En France aussi, tout cela est d'actualité. Le Collectif des paysans sans terre en France vient d'être créé afin de soulever le problème des agriculteurs et éleveurs qui souhaitent trouver des terres pour travailler, celles-ci étant soit rachetées par des exploitations plus grandes pour faire toujours plus d'intensif, soit sacrifiées à quelque projet de construction d'un centre commercial ou autre bétonnage intensif (voir l'exemple de Mickaël Hardy). Tous les 7 ans, en France, la surface d'un département de terres agricoles se trouve étouffé sous le bitume et le ciment.
La lutte contre l'aéroport de Notre-Dame-des-Landes, qui a rassemblé quelques dizaines de milliers de sympathisants ce week-end lors d'un Festival bon enfant, musical et dans la biodiversité militante, est devenue un des emblèmes à l'échelle mondiale de la lutte contre les "grands projets inutiles imposés" (les GPII). Sont ainsi désignés tous les projets d'infrastructures (centres commerciaux, barrages gigantesques, lignes à grandes vitesse, centrale nucléaire...) imposés aux habitants d'un territoire donné, et qui bénéficient en réalité surtout à l'entreprise exploitante (Vinci en l'occurrence pour NDDL) et aux politiciens concernés dont les conflits d'intérêt sont pourtant toujours avérés. Voir la cartographie de lemonde.fr sur ces grands projets en France.

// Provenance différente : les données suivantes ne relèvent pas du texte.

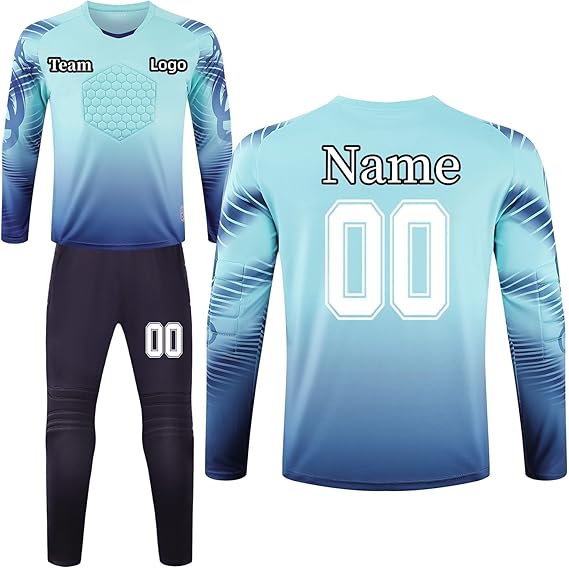 Custom Goalkeeper Jerseys Youth Men Girl with Name Number Team Logo Personalized Soccer Goal Jersey for Kid Adult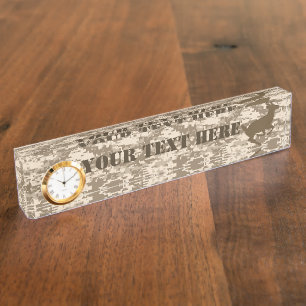 De gepersonaliseerde Herten Camo van de Camouflage Naambordje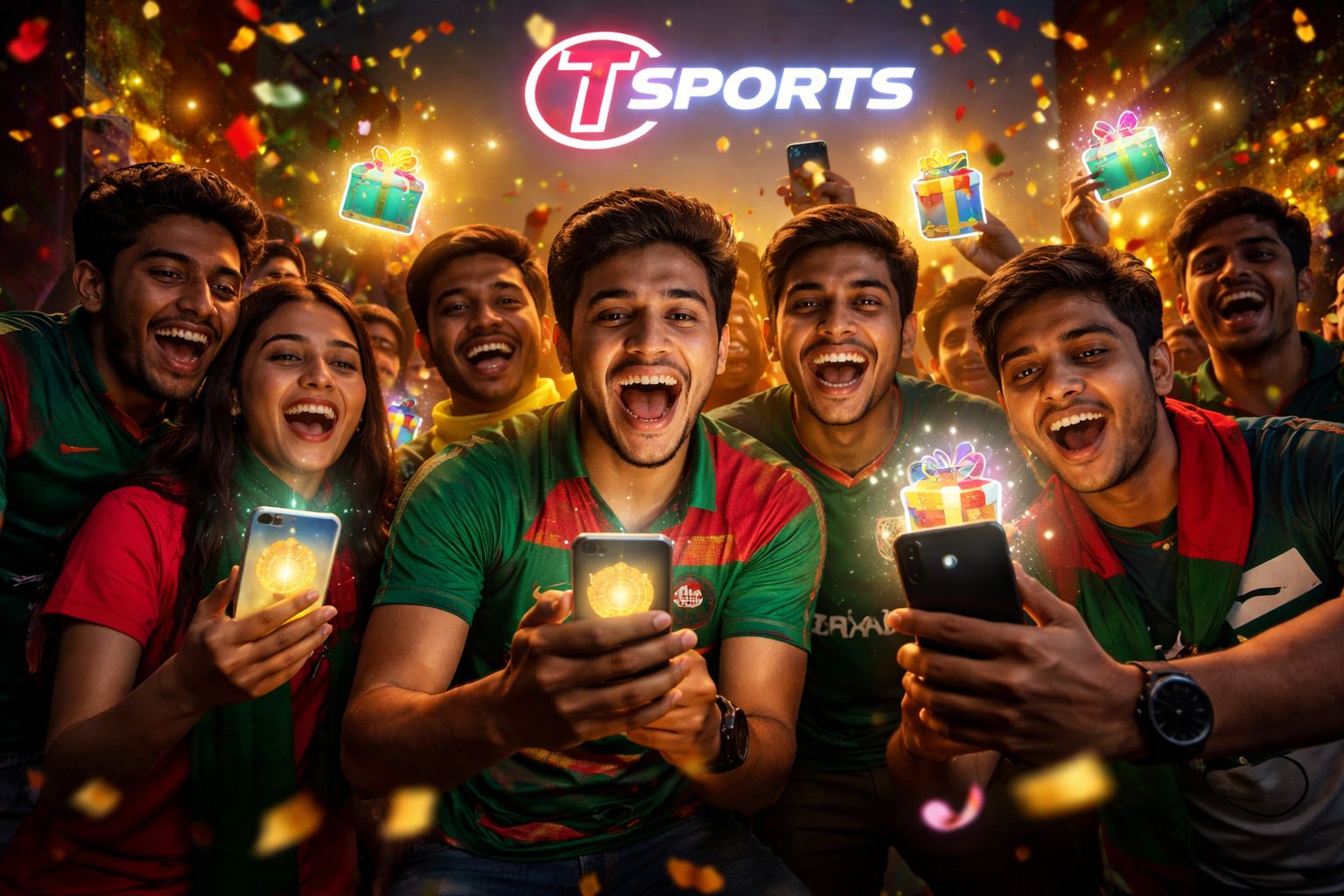 Tsports exclusive channel rewards for Bangladesh members
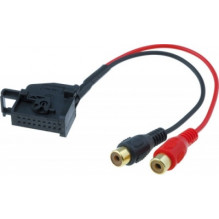 Aux line in adapter vw, audi mfd2.18pin - 2xrca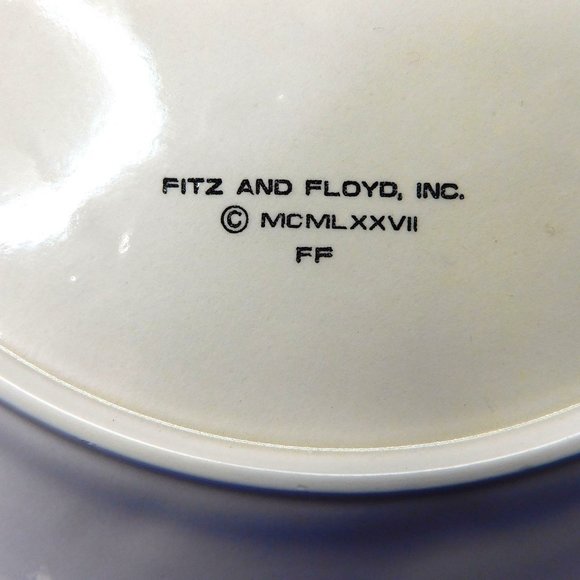 Set of 3 Fitz & Floyd Salad / Luncheon Plates Leaves & Fern 8.2" Vintage 1978 - Picture 6 of 6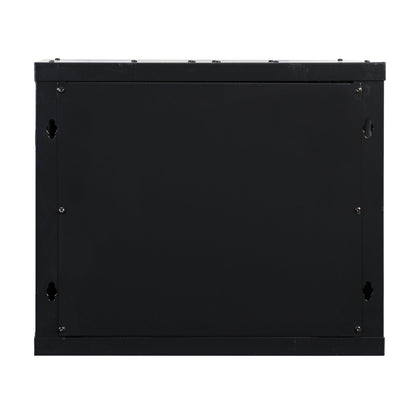 Aeons Pro Series 9U Wall-Mount Rack Cabinet, Switch-Depth, Glass Door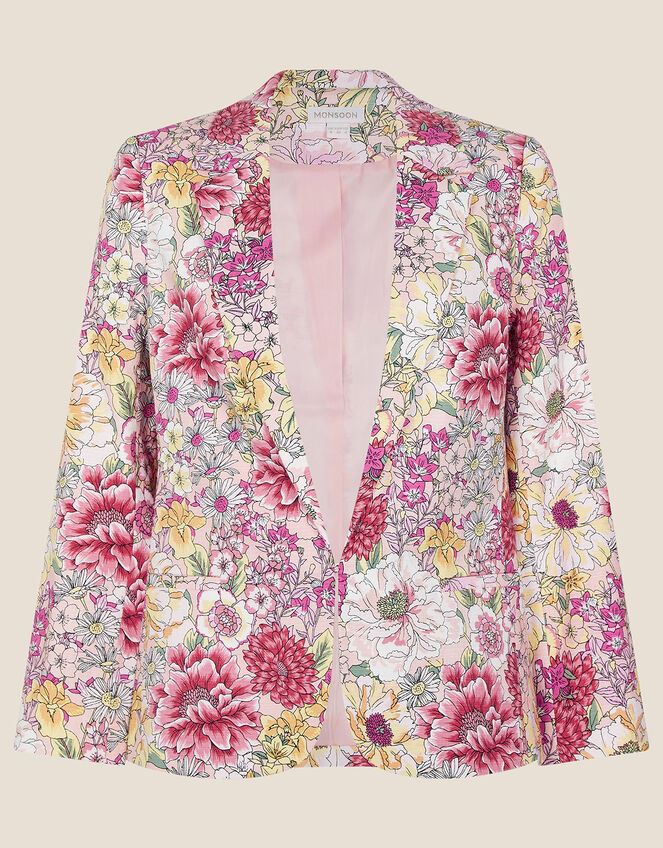 Wren Floral Print Jacket Pink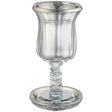 Elegant Crystal Eliyahu Cup 25 cm {Holiday-Pesach-Kos Shel Eliyahu} Manchester Judaica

Envol de lanternes lucioles à ND des Landes samedi 3 août, manifestation poétique contre l'aéroport

En définitive, l'accaparemment des terres agricoles n'est plus simplement une question de solidarité internationale, mais de vision du monde à venir. Il y a une logique villageoise à recréer, un espace prioritaire où les gens vivent et font cohabiter des activités (sous forme salariée ou pas) leur permettant de se nourrir, de se loger, de se déplacer avec des produits et des énergies au maximum locaux et autogérés. Les dépendances nationales ou internationales sont inévitables, mais en subsidiarité, là où on ne pourra pas faire autrement.
La décennie 2000 a été celle de l'émergence d'alternatives en ce sens. La décennie 2010 met toutes ces intiatives en cohérence pour proposer un nouveau système, qualifié de "transition" (agricole, alimentaire, énergétique, démocratique...) tel le Réseau des villes en transition.Un autre collectif est né récemment, le collectif pour une transition citoyenne pour proposer une série d'engagements complémentaires pour impliquer chaque individu et chaque territoire dans une logique de changement systémique, comme les Colibris, créé par Pierre Rabhi pour capitaliser les expériences citoyennes à travers un grand plan de transformations collectives, ou Terre de liens qui propose aux citoyens de placer leur argent dans des projets paysans ("et si vous faisiez pousser des fermes").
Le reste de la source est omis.